▸ **Data excerpt**

⁂

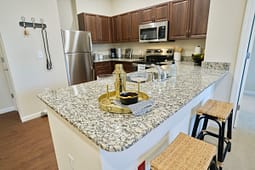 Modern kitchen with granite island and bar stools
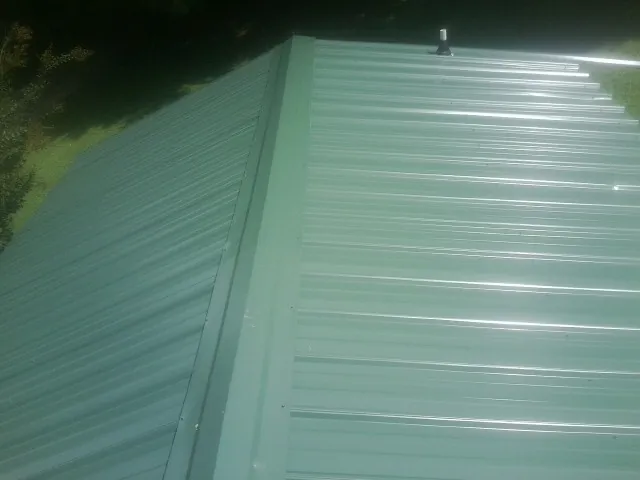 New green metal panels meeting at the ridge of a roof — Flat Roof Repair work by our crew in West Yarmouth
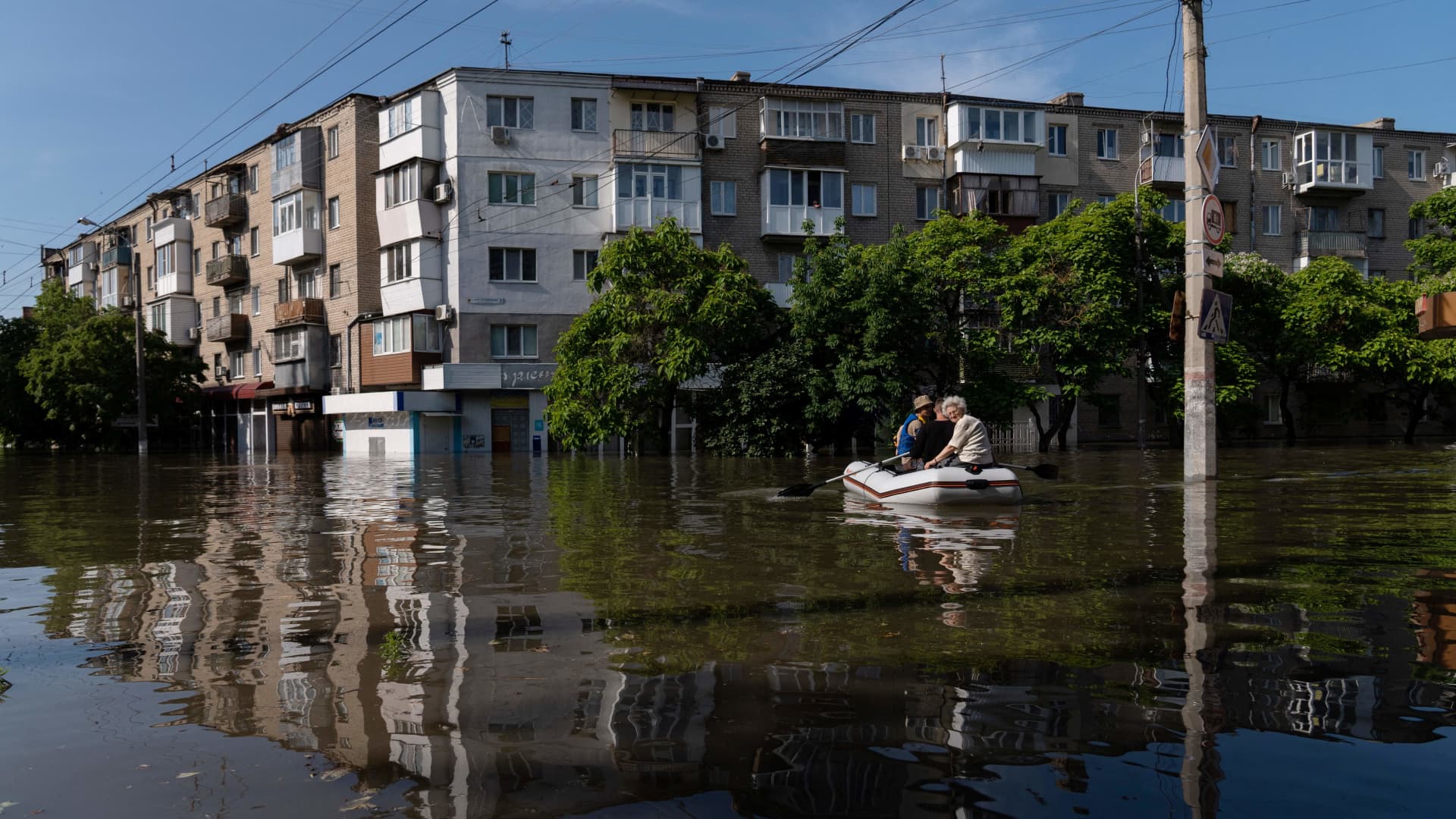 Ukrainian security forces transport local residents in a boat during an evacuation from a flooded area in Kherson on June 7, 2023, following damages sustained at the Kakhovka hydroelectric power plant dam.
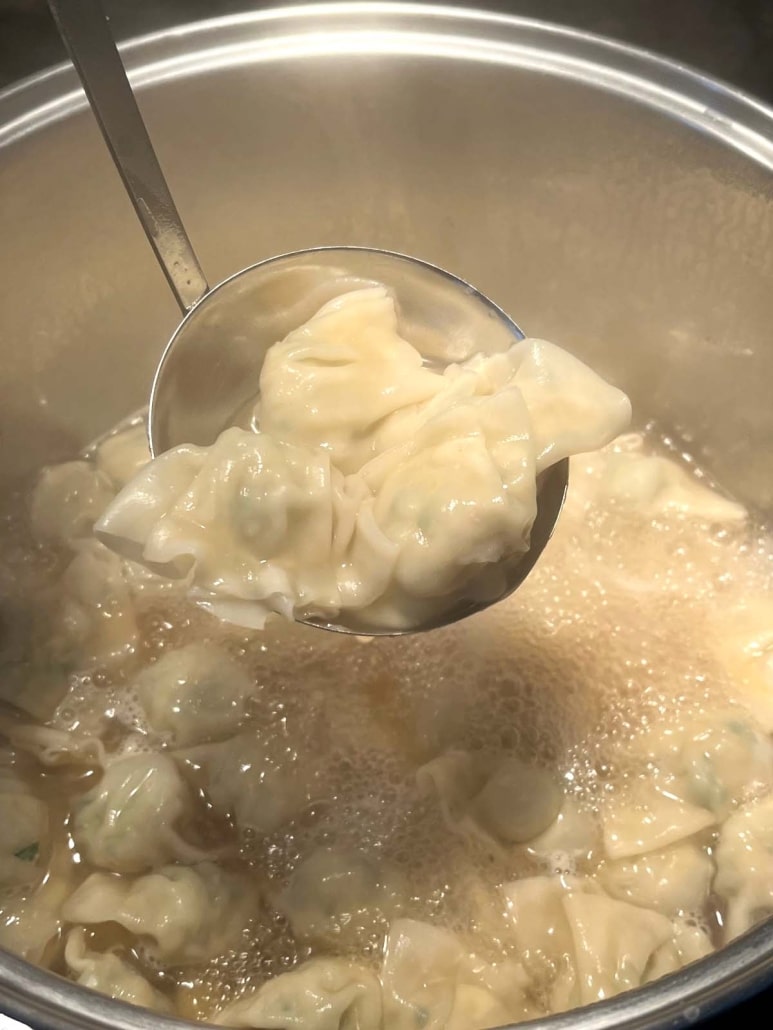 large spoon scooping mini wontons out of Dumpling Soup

⁂

Give back the material word for word and drop the pictures it holds.

▸ **Written reply**
 Modern kitchen with granite island and bar stools
 New green metal panels meeting at the ridge of a roof — Flat Roof Repair work by our crew in West Yarmouth
 Ukrainian security forces transport local residents in a boat during an evacuation from a flooded area in Kherson on June 7, 2023, following damages sustained at the Kakhovka hydroelectric power plant dam.
 large spoon scooping mini wontons out of Dumpling Soup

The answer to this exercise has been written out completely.